General information
- Type: Paramotor
- National origin: Spain
- Manufacturer: H&E Paramotores
- Status: Production completed

= H&E Paramotores Simonini =

Spanish paramotor

The H&E Paramotores Simonini is a Spanish paramotor that was designed and produced by H&E Paramotores of Madrid for powered paragliding. Now out of production, when it was available the aircraft was supplied complete and ready-to-fly.

==Design and development==
The Simonini was designed to comply with the US FAR 103 Ultralight Vehicles rules as well as European regulations. It features a paraglider-style wing, single-place accommodation and a single Simonini Racing engine in pusher configuration with a reduction drive and a 99 to 120 cm diameter two-bladed wooden propeller, depending on the model. The fuel tank capacity is 9 L.

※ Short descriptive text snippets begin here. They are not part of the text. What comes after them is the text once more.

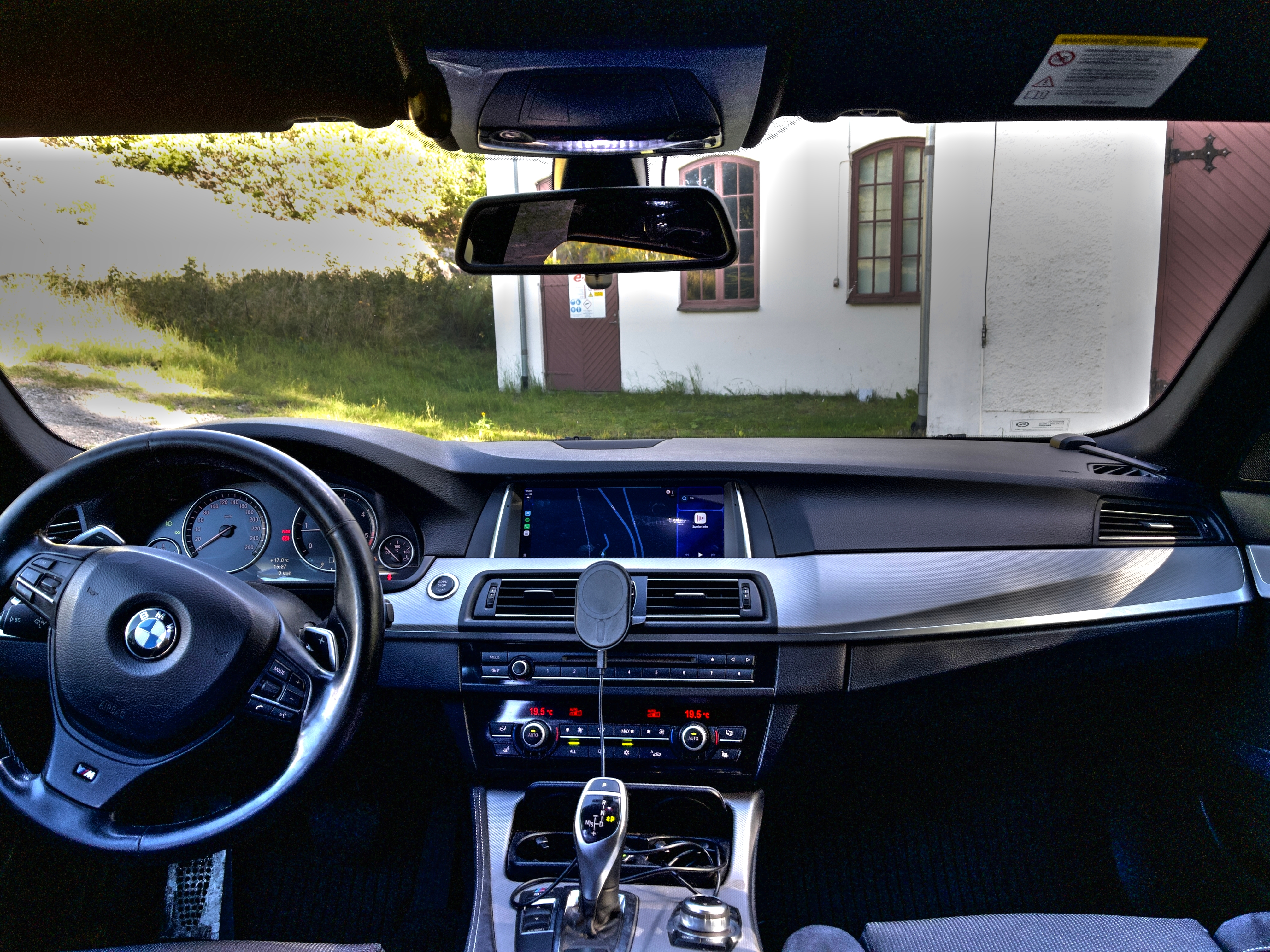 BMW 520 d Touring Steptronic 2012, bild 6/10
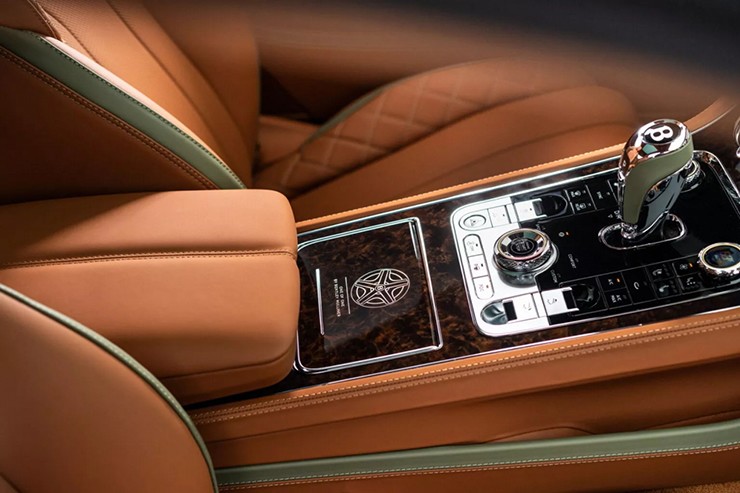 Siêu phẩm độc bản Bentley Continental GT Speed kỷ niệm 20 năm lộ diện - 8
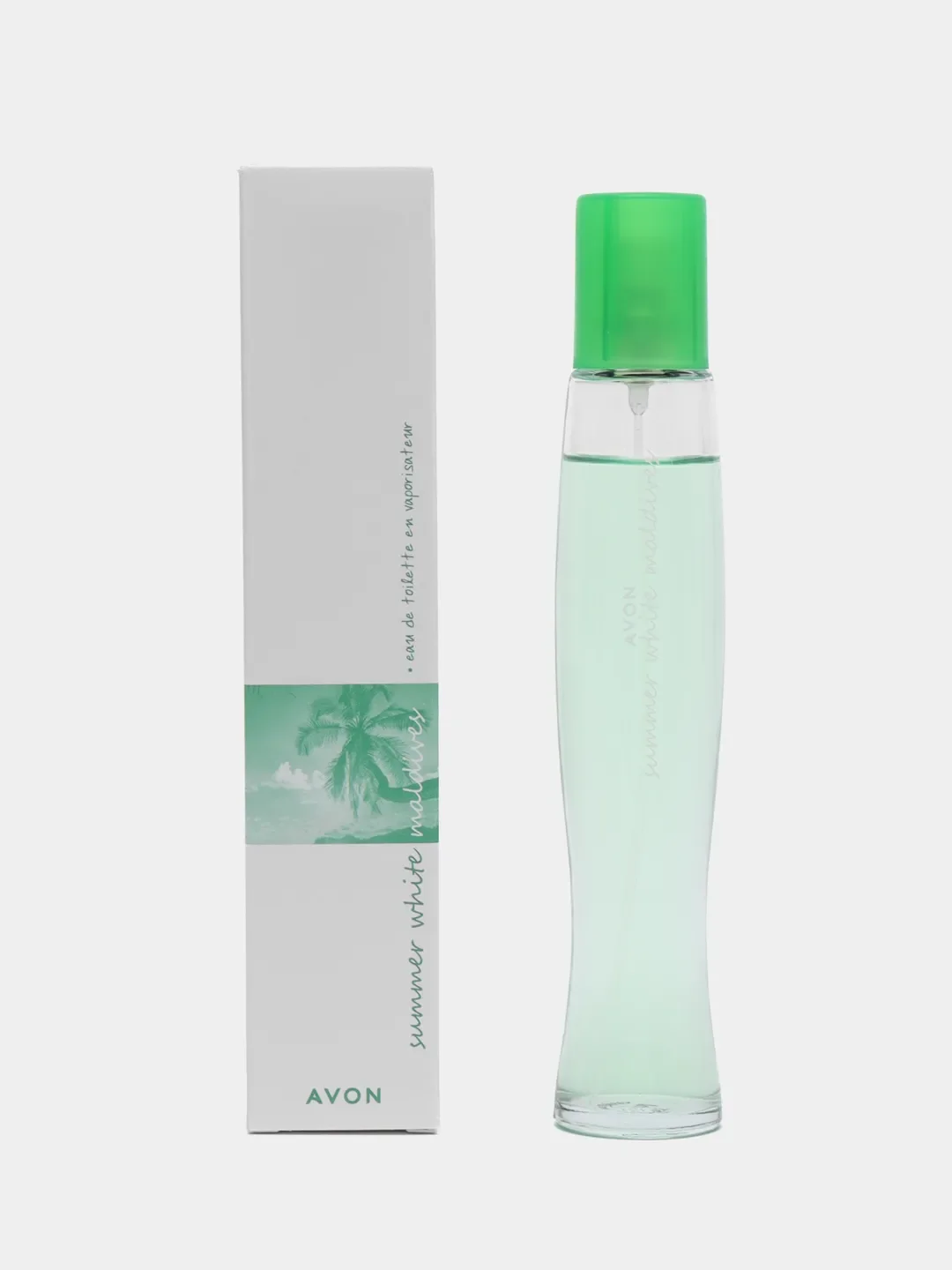 Туалетная вода женская Avon Summer White, 6 аромата, 50 мл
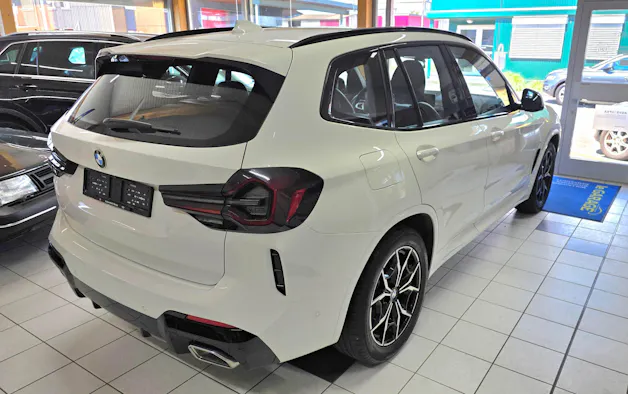 BMW X3 xDrive 48V 20d M Sport Edition Steptronic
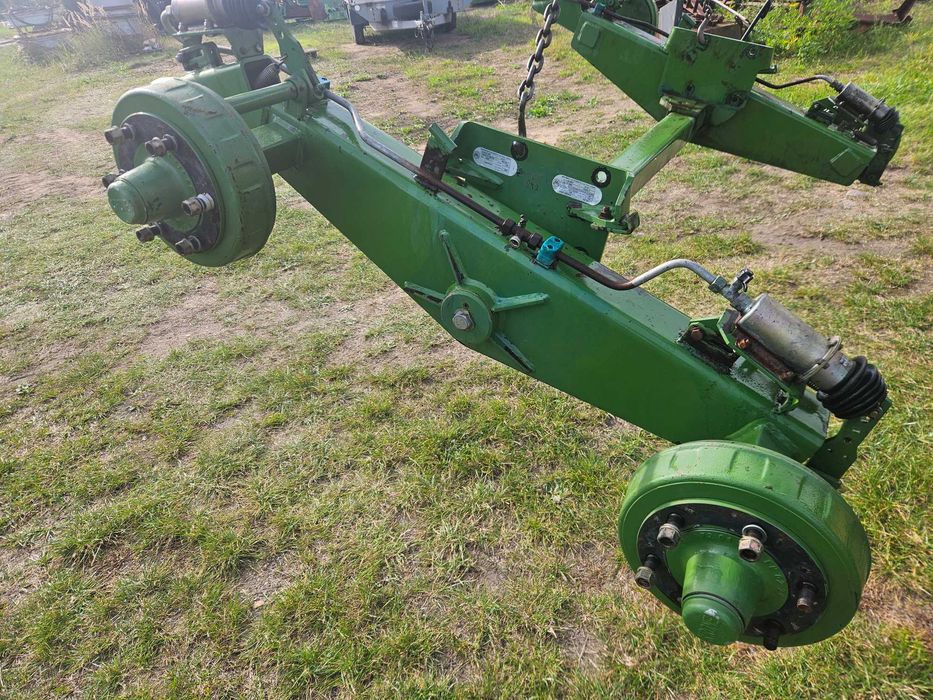 Oś tandem  od Krone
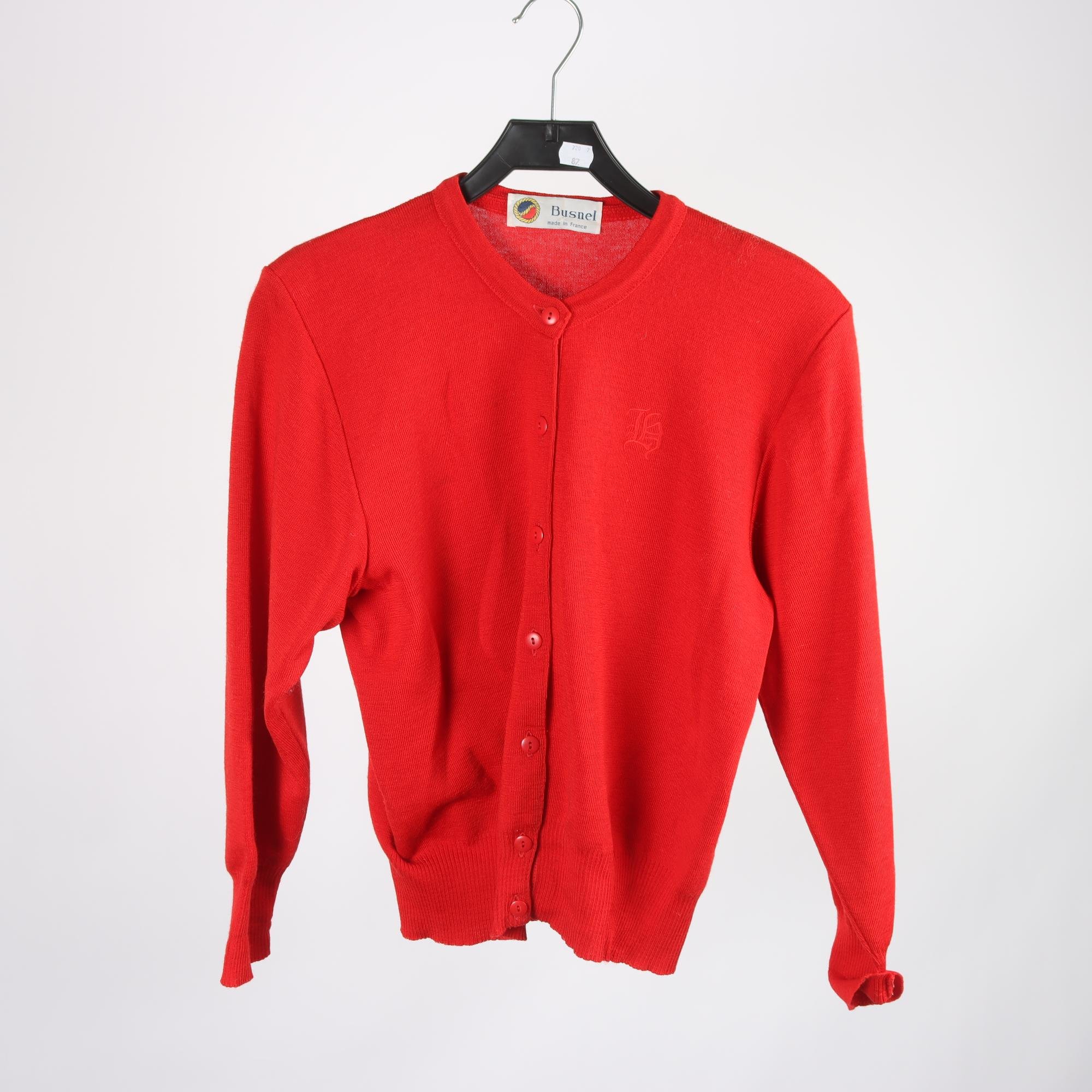 Kofta, Busnel, röd, stl. 42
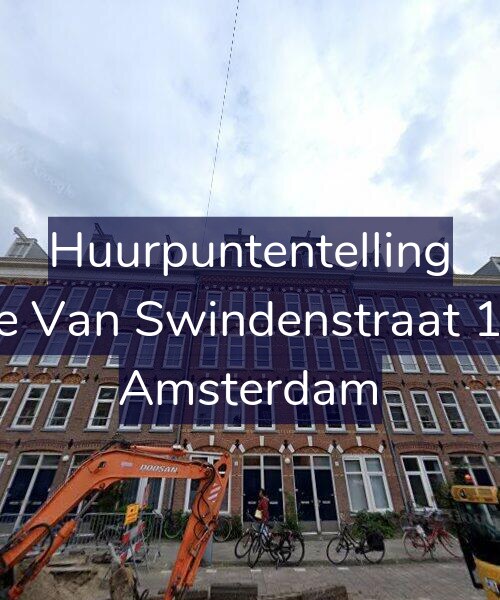 Foto gevel Huurpuntentelling voor Eerste Van Swindenstraat 120-H, Amsterdam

As is the case with all paramotors, take-off and landing is accomplished by foot. Inflight steering is accomplished via handles that actuate the canopy brakes, creating roll and yaw.

==Variants==
- Simonini 99
Model with a Simonini Racing engine in pusher configuration with a 2.3:1 ratio reduction drive and a 99 cm diameter two-bladed wooden propeller. The empty weight is 28 kg.
- Simonini 120
Model with a Simonini Racing engine in pusher configuration with a 2.5:1 ratio reduction drive and a 120 cm diameter two-bladed wooden propeller. The empty weight is 29 kg.